🤖 AI Summary
This study investigates the self-organizing mechanisms underlying collective foraging behavior in non-cooperative multi-agent systems operating under partial observability, and how such group-level dynamics relate to agents’ internal physiological states.
Method: We employ continuous-time recurrent neural networks (CTRNNs) as velocity controllers for individual agents and optimize a shared policy via evolutionary strategies in a resource-patch environment.

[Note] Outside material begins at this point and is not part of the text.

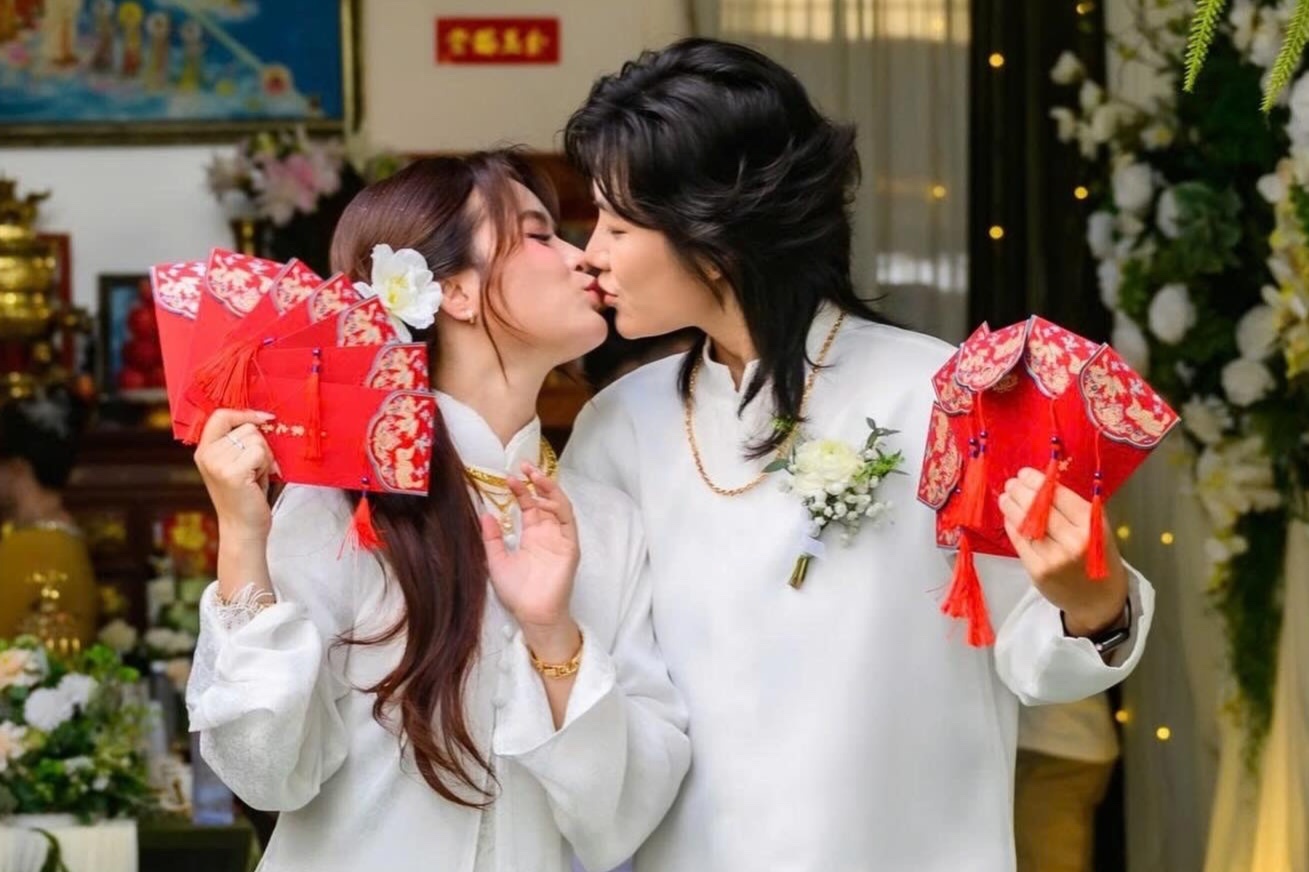 Hai co gai hen ho tu cap 2, cuoi sau 15 nam yeu nhau gay sot hinh anh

Contribution/Results: We identify a robust negative correlation between individual internal resource reserves and collective aggregation strength: agents form denser clusters when resources are scarce and disperse when reserves are abundant—revealing an implicit risk-sensitive foraging strategy. Crucially, this is the first empirical demonstration of a causal regulatory role played by latent internal states on emergent group cohesion. Our findings establish a novel mechanistic account of endogenous-state-driven swarm intelligence, bridging individual physiology and collective decision-making in decentralized multi-agent systems.
📝 Abstract
Active particles are entities that sustain persistent out-of-equilibrium motion by consuming energy. Under certain conditions, they exhibit the tendency to self-organize through coordinated movements, such as swarming via aggregation. While performing non-cooperative foraging tasks, the emergence of such swarming behavior in foragers, exemplifying active particles, has been attributed to the partial observability of the environment, in which the presence of another forager can serve as a proxy signal to indicate the potential presence of a food source or a resource patch. In this paper, we validate this phenomenon by simulating multiple self-propelled foragers as they forage from multiple resource patches in a non-cooperative manner. These foragers operate in a continuous two-dimensional space with stochastic position updates and partial observability. We evolve a shared policy in the form of a continuous-time recurrent neural network that serves as a velocity controller for the foragers. To this end, we use an evolutionary strategy algorithm wherein the different samples of the policy-distribution are evaluated in the same rollout. Then we show that agents are able to learn to adaptively forage in the environment. Next, we show the emergence of swarming in the form of aggregation among the foragers when resource patches are absent. We observe that the strength of this swarming behavior appears to be inversely proportional to the amount of resource stored in the foragers, which supports the risk-sensitive foraging claims. Empirical analysis of the learned controller's hidden states in minimal test runs uncovers their sensitivity to the amount of resource stored in a forager. Clamping these hidden states to represent a lesser amount of resource hastens its learned aggregation behavior.